A mere 10 days later the bellowing Bolshevik was cooing sweet nothings at Kesri's boys and girls. And 10 months later Indrajit Gupta's party is helping the Congress draft that reply to the people -- the CPI and the Congress are in alliance in Punjab!

I also remember what the veteran Communist said in Madras: "There is no alternative but to support us." Well, comrade, who is supporting whom in Bhatinda and the other 12 seats in Punjab?

So now it is official -- the United Front is well and truly disunited. If the CPI has left its allies to fend for themselves, well, it was only following in the prime minister's footsteps. When Inder Kumar Gujral went to file his nomination papers for Jalandhar, there was nobody from the Janata Dal in his entourage. But there were plenty of people from the Akali Dal and, for good measure, the BJP mayor of the city!

If you ask me, both Gujral and the CPI are acting very sensibly. You really can't blame the CPI and the prime minister for refusing to go along with the bunch of losers masquerading as a United Front. One year ago the BJP-Akali Dal alliance swept the polls to the Punjab Assembly. The 'Grand Alliance' organised by Harkishen Singh Surjeet -- the CPI-M, Janata Dal, and Samajwadi Party -- lost every single seat.

Come to think of it, the spectacle of the CPI and the Congress sleeping together is not really new. It has happened before, in the the dark days of the Indira Gandhi regime. (This coalition had one benefit -- under the CPI's Achuthananda Menon it gave Kerala the best government the state has ever had.) But the CPI was forced to reconsider after the Congress debacle of 1977.

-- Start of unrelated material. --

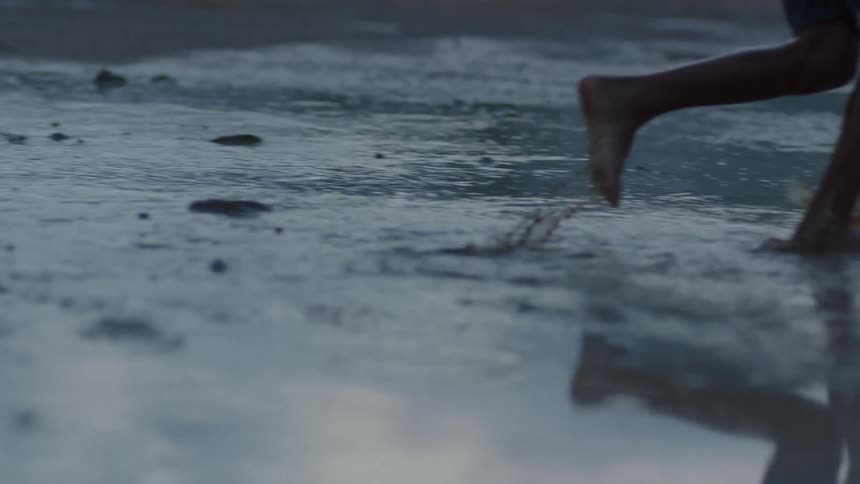 A boy is running barefoot in a puddle of water in the rain splashing as he runs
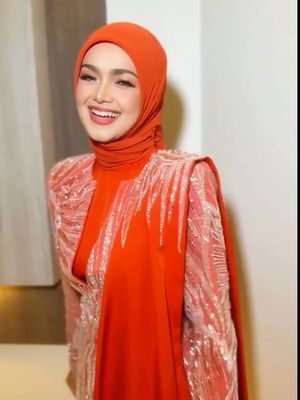 Siti Nurhaliza tampil memukau di Pestapora 2025 dengan hijab oranye terang, setelan berpayet, dan makeup soft glam yang elegan.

The CPI-M, however, wasn't quite ready to kiss and make up. Before re-admitting the CPI to the Left Front, the Marxists insisted on a formal apology. This was duly given at a conclave held in, of all places, Bhatinda, the same city where the CPI has now formally restored its old link to the Nehru-Gandhi clan!

All this, of course, explains why Indrajit Gupta is taking such pains to explain his party's position on 'sensitive' issues. "We never said Rajiv Gandhi took the money from Bofors!" he says. Actually, Comrade, the evidence points to Bofors paying off Ottavio Quattrocchi. What we want, and deserve, to know is who took the loot from Quattrocchi's account thereafter.

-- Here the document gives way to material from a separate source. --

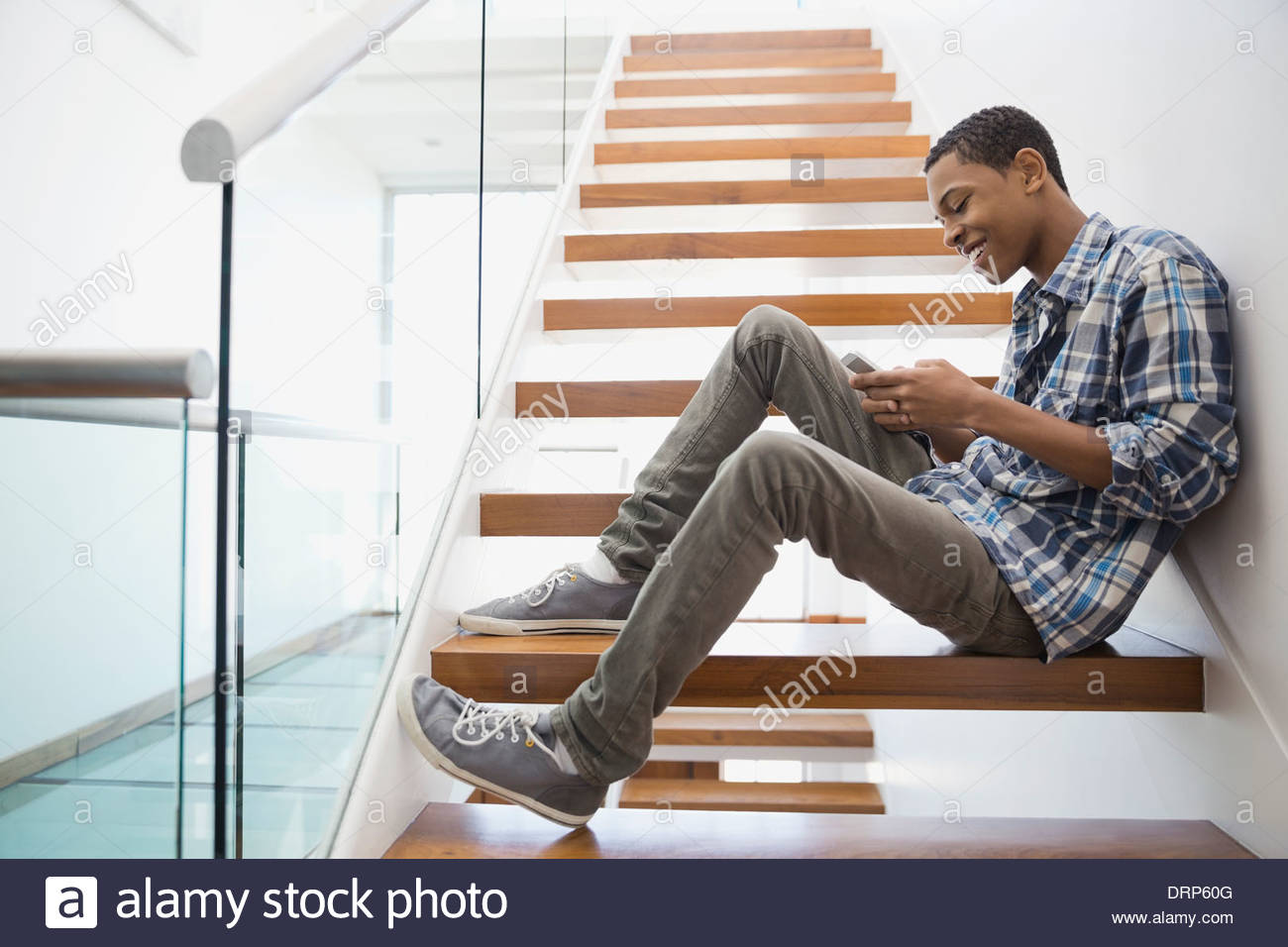 Teen text messaging on steps at home Stock Photo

But the same CPI which is so accommodating towards the Congress is utterly inhospitable when it comes to the CPI-M. I have already referred to Punjab. But how about Tamil Nadu, where the CPI refused to surrender one of its seats to the CPI-M?

Jokes apart, what is the CPI playing at? Why is it in such a tearing hurry to strike up alliances at any cost, even if it means strained relations with the rest of the Left Front?

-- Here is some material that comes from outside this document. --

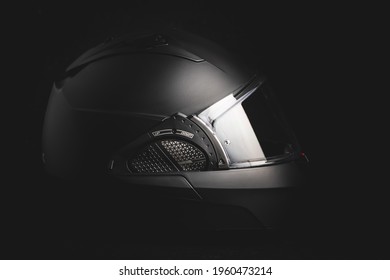 Black modular motorcycle helmet on black background.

Simple, the CPI is losing votes everywhere and it needs new backers. In 1996, it garnered so few votes that it should have been immediately deprived of its recognition as a 'national' party according to the rules. Only the generosity of the Election Commission saved it from this humiliation. Perish the thought, but were the Three Wise Men influenced by the fact that the Union home minister is a CPI man?

I sympathise with the CPI's efforts to retain the 13 MPs it had in the 11th Lok Sabha. But the party shouldn't be allowed to get away with a fraud. If they genuinely see an incarnation of Indira Gandhi in her Italian daughter-in-law, the veteran Communists should openly declare that they want a national alliance to keep the "communalists" at bay.

To keep the record straight, the CPI isn't alone in cosying up to the Congress. Mulayam Singh Yadav is openly allied with that party in Maharashtra, and informally so in parts of Uttar Pradesh. Why can't these end the farce of a United Front once and for all?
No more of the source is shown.